■ About this task ■
Exactly as written, set down each line of the data below except its pictures.

■ Data extract ■
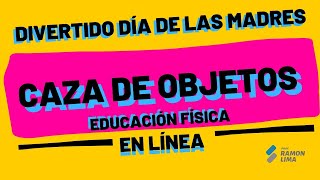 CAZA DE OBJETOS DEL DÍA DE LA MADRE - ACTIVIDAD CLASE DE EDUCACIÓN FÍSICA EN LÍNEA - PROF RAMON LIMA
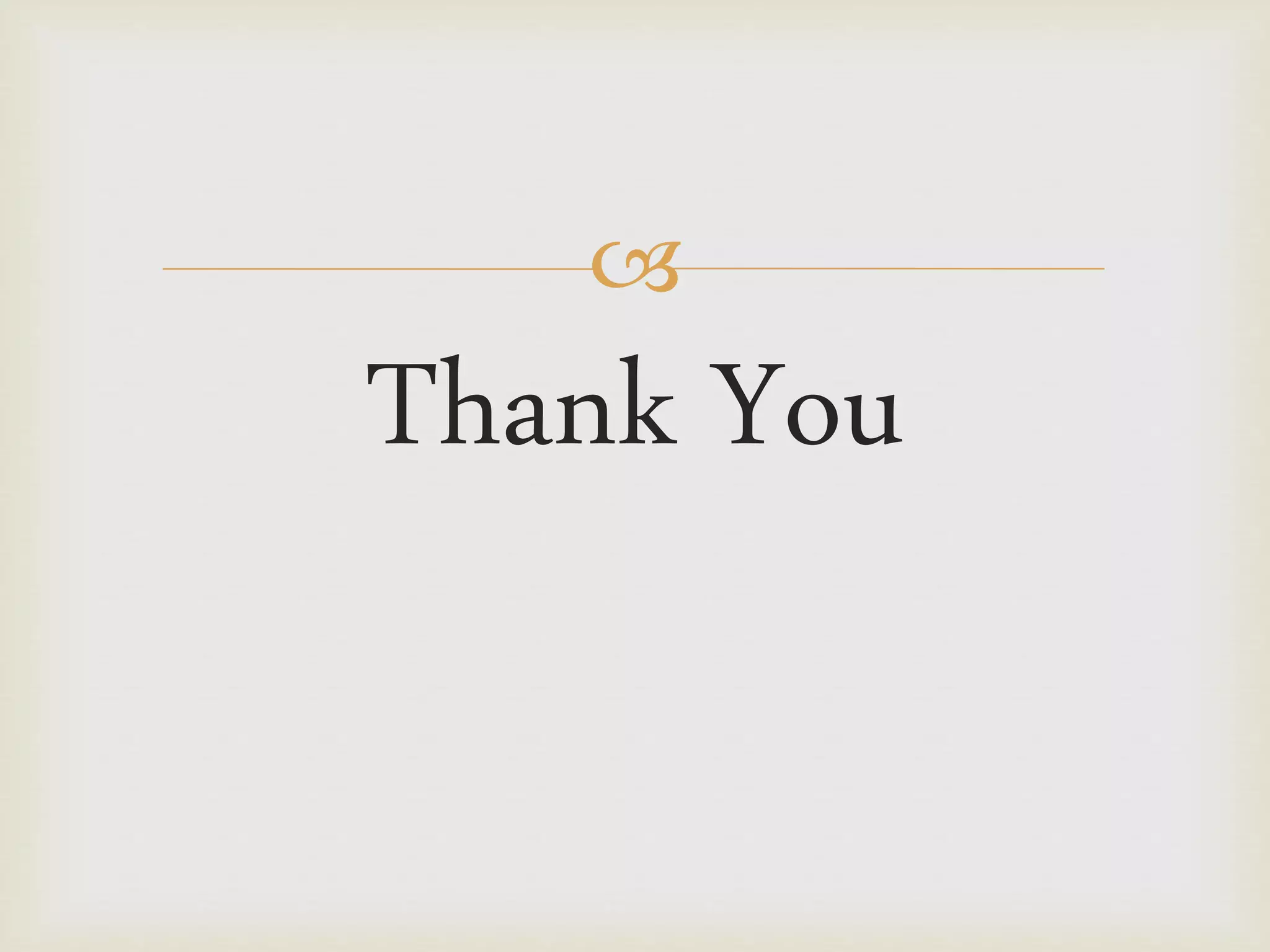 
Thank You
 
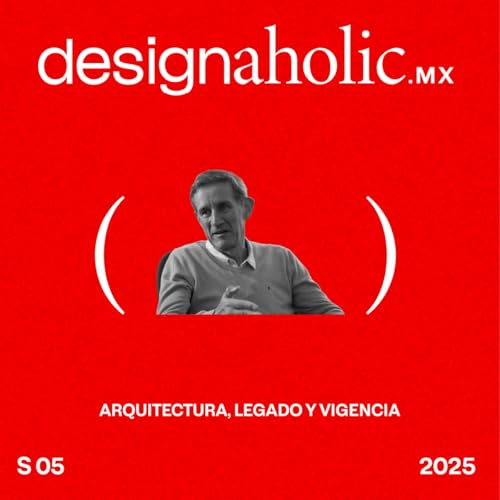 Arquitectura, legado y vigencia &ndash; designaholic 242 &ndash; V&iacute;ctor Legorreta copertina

■ Task solution ■
 CAZA DE OBJETOS DEL DÍA DE LA MADRE - ACTIVIDAD CLASE DE EDUCACIÓN FÍSICA EN LÍNEA - PROF RAMON LIMA
 
Thank You
 
 Arquitectura, legado y vigencia &ndash; designaholic 242 &ndash; V&iacute;ctor Legorreta copertina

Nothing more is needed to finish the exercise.